Although they were discussing what were the likely best ideas from the bunch, even at this stage there was no criticism of any ideas as such.
Finally, they all moved to the third room which was called the critic room. In this room they pulled the ideas apart, criticised and challenged them.
This strategy allows ideas to flow freely. It ensures that good ideas are not crushed in their infancy, but are allowed to blossom and grow before they are subject to hard challenge. So it stimulates creativity.
It is a method you might like to try for yourself. If you are immediately thinking, “Well, I don’t have three rooms I can set apart for this purpose”, don’t worry too much about it.
Provided you have some sort of space (even if it is outside) we can use the concept of spatial anchoring to achieve the same ends.
All you need to do is to select three areas which you can label Dreamer, Realist and Critic. You don’t need to write them down as long as you know which areas represent which room, but if it helps there is no reason why you shouldn’t.
Using NLP anchoring you may anchor feelings to each area to assist you as you use them. Firstly, you might like to recall a time when you were at your most creative. When you have recalled that time, move to the Dreamer space.
As before, remember to see what you saw, feel what you felt and hear what you heard. If there were smells and tastes associated with the creative experience, recall them too. Intensify the experience.
Now walk away from the space. Break the state by doing something else for a moment and then test the anchor by re-entering the space and reliving the experience. Now leave the space again.
Now be realistic. Remember a time when you created a realistic plan to make something happen. Follow exactly the same procedure.

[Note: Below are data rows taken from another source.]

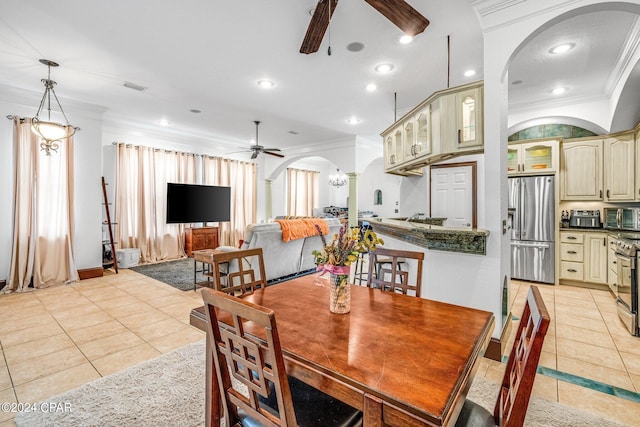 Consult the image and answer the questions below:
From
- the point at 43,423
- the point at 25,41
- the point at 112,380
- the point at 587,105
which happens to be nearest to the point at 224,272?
the point at 112,380

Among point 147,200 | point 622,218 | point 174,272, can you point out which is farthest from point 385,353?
point 147,200

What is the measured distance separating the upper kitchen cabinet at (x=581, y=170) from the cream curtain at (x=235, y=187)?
6.77 meters

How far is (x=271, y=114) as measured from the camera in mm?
5328

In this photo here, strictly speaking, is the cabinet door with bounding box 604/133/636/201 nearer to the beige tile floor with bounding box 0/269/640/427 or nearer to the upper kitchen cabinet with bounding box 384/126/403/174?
the beige tile floor with bounding box 0/269/640/427

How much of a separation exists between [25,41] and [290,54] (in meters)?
2.65

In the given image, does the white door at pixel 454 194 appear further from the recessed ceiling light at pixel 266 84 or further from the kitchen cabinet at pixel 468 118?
the recessed ceiling light at pixel 266 84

Build the experience by seeing what you saw, hearing what you heard and feeling what you felt, not forgetting smells and tastes.
Step into the Realist area and let that experience surround you. Again, leave the area, break the state by doing something else and test the anchor by re-entering the area.

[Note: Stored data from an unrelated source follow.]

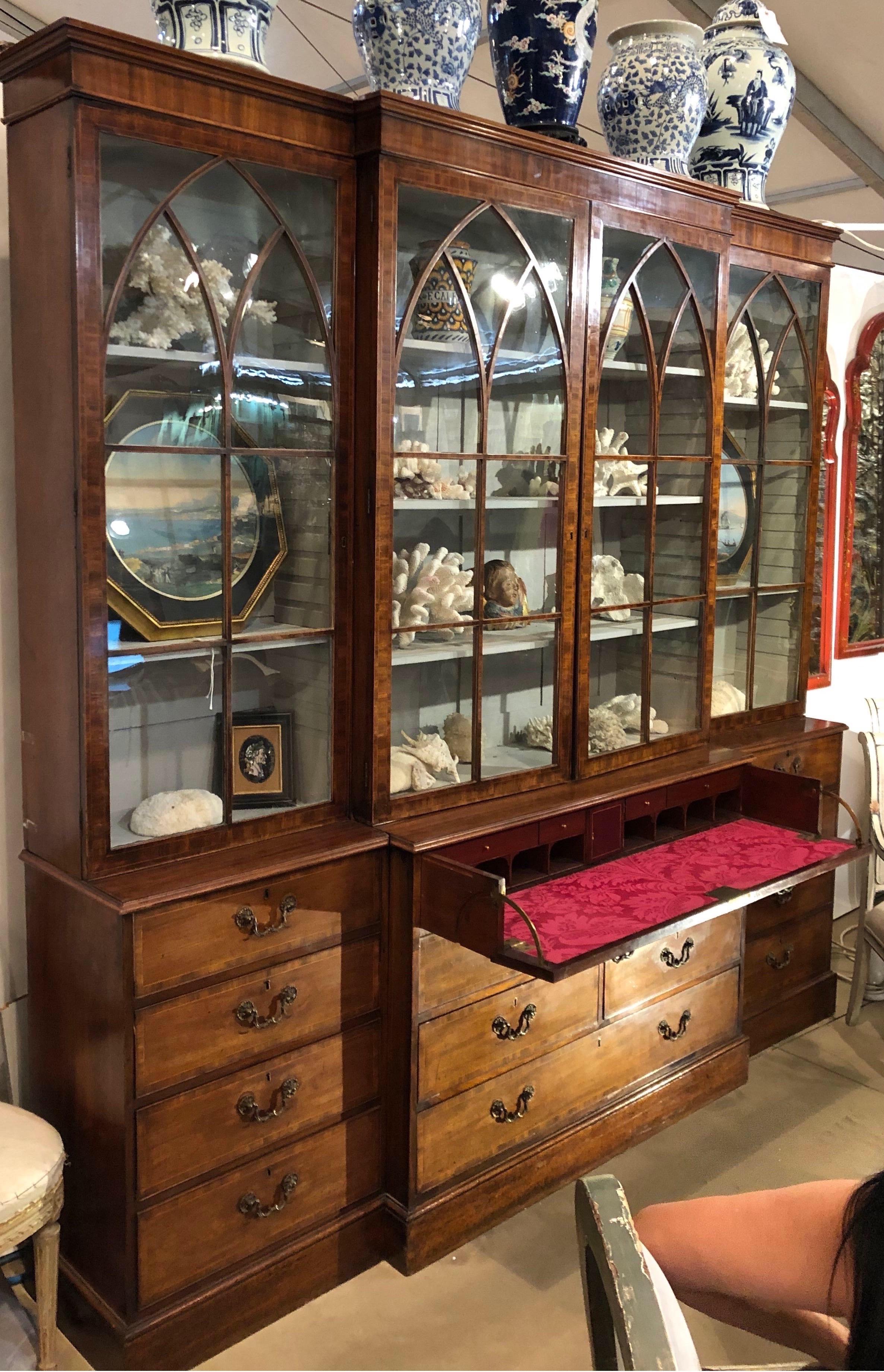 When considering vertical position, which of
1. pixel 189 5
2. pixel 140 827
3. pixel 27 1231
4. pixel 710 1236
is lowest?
pixel 27 1231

Lastly, we move to the point of criticism. Recall a time when you criticised constructively: that is to say, you found the good points and the pitfalls.
Step into the Critic area and again let that experience engulf you. Then leave the area, break the state by doing something else and then test the anchor by re-entering the area.
If at any stage when you test an anchor by re-entering the area and you find that the anchor is weak, repeat the process until you have created a powerful anchor.
Sometimes it may take two, three or more efforts to get the dynamic feeling you require, but it is worth persevering with until you get there.
Now you have created those “rooms” or areas, you can get on with the real business of working on your goals.
Think of the goal you wish to achieve and move into the Dreamer space. See yourself achieving your objective or ambition. Give your imagination completely free rein. Let it dream what it wants to dream in an uninhibited way.
When you are satisfied with the outcome of that, it is time to move on to the Realist area. Now consider your dreams there and see, listen and feel what happens.
Finally, move to the Critic
room and examine it from all angles. Is
something else needed? Is anything
missing? Ask any question you like.
It maybe that you have resolved the position at this stage. Alternatively, you may need to move back into the Dreamer space to dream up alternatives or think of other ways.
You may perform this routine as many times as you like and, once you have been through the three rooms or spaces in order, you can move in and out as you like.
Sometimes you might find that one room is more challenging
than the others. Don’t be tempted to escape and spend more time in the other
If it is more challenging, it may prove to be more rewarding if you stay longer and meet the challenges.
Following the Walt Disney pattern will enable you to come up
with a creatively balanced strategy.
It worked for Walt Disney and there is no reason why, if practised, it will not work for you too.